Institutions are founded for reasons, but soon their raison de etre is the preservation of the institution. This may or may not breed corruption, but the mission is lost. Part of why we stay in bad relationships, or dead-end jobs, or hold on to outmoded notions, is simply the self-sustaining urge we apply to each of these things.

So to be in power is to seek to preserve your own power. And the more power you have, the better able you are to do that, until at last you create tyranny. The Founding Fathers created checks and balances, gave primary power to Congress, designed a government that would kick the President in the ass if he went too far, because they foresaw this. They foresaw that to be powerful is to seek to steal power from others. In a word, they foresaw George W. Bush. That’s why they gave Congress the power to stop him (or at least slow him way down). All Congress has to do is act.

2 comments

  1. Tom Hilton says:

    Melville posted a quote from Hofstadter about Lincoln in one of my comment threads that reminded me of this post.
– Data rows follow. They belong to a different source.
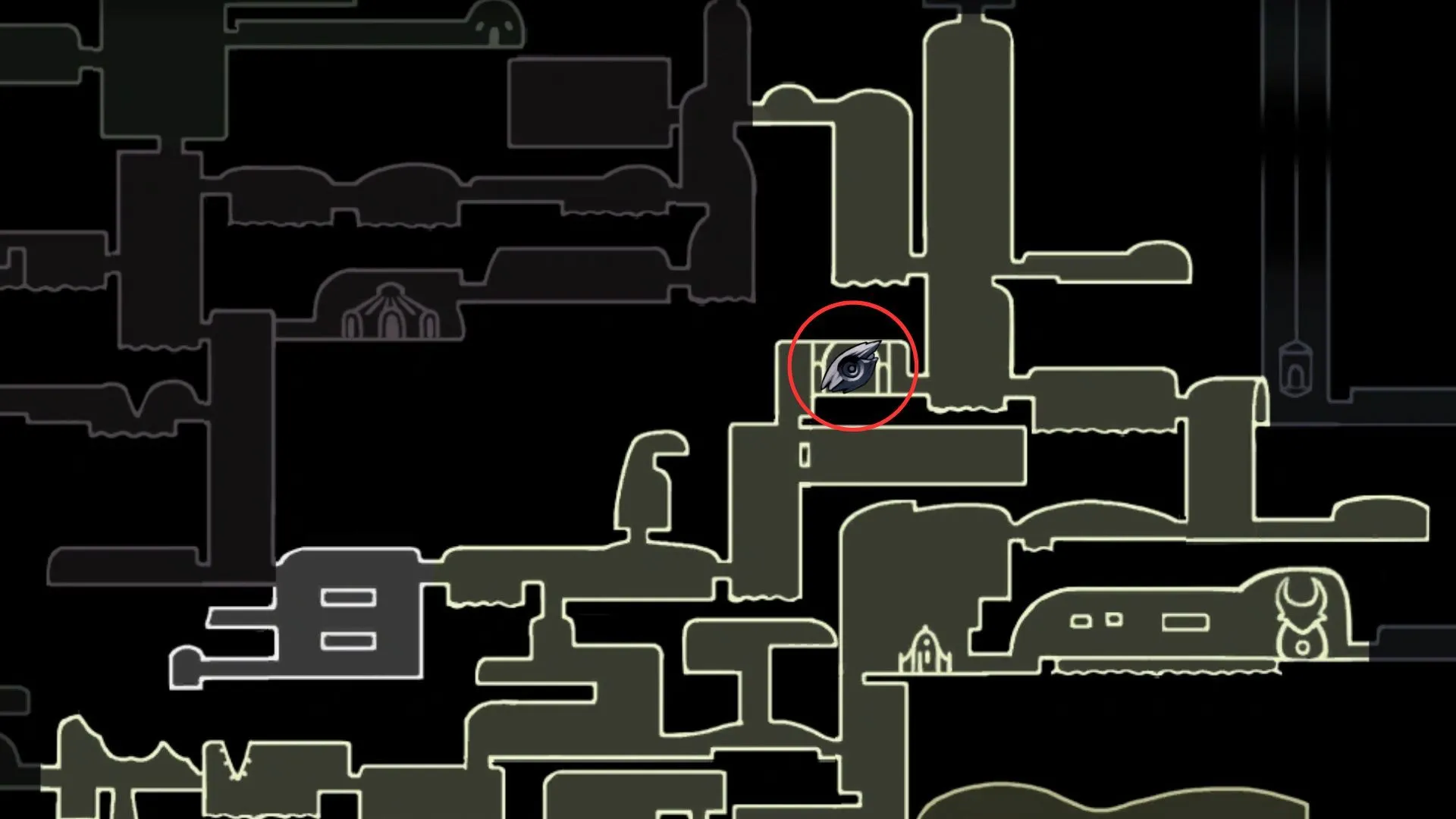 Bản đồ vị trí Charm Notch ở Fungal Wastes, phòng dưới vực cạnh bench, được bảo vệ bởi hai Shrumal Ogres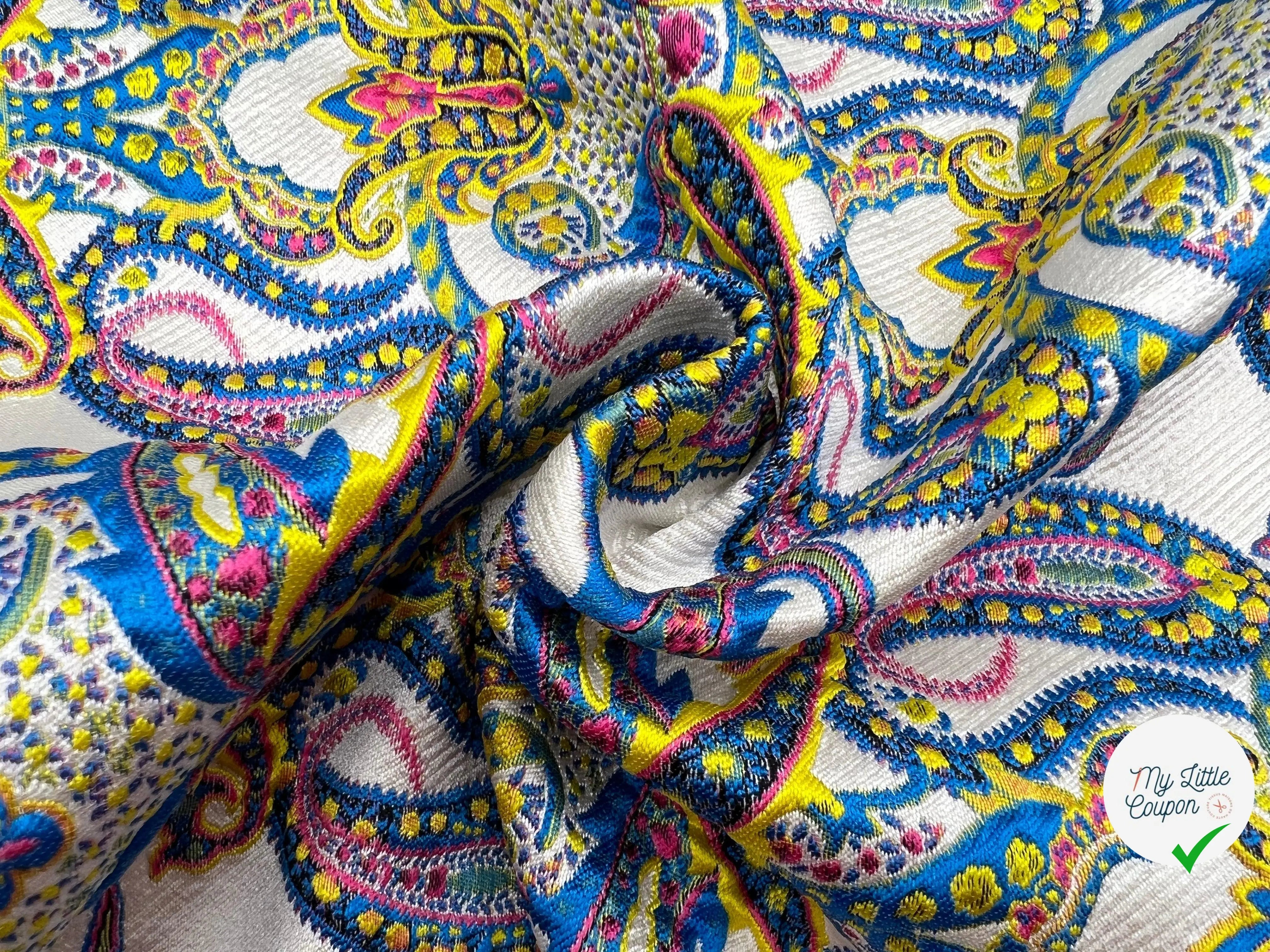 JACQUARD CACHEMIRE CONTRECOLLE JERSEY NOIR - My Little Coupon - tissu - coudre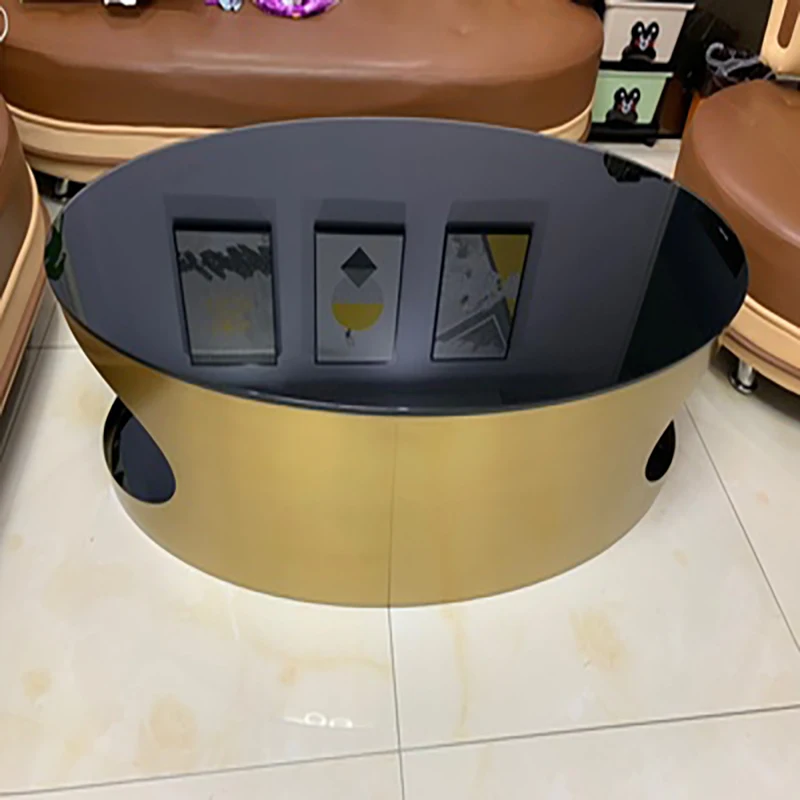 

Oval Light Luxury Marble Coffee Living Room Small Apartment Modern Simple Creative Stainless Steel Double Storage Table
Relevant excerpt:

    “‘Men moving only in an official circle,’ [Lincoln] told Carpenter, ‘are apt to become merely official – not to say arbirtrary – in their ideas, and are apter and apter with each passing day to forget they only hold power in a representative capacity.’ Is it possible to recall anyone else in modern history who could exercise so much power and yet so slightly feel the private corruption that goes with it? here, perhaps, is the best measure of Lincoln’s personal eminence in the human calendar – that he was chastened and not intoxicated by power.”

    Nobody’s ever going to say that about the current crop of dirtbags…

  2. Dan says:

    As a non-American the best thing I can Say about not so curious George is that he makes our politicians look much better in comparison,including the conservative ones.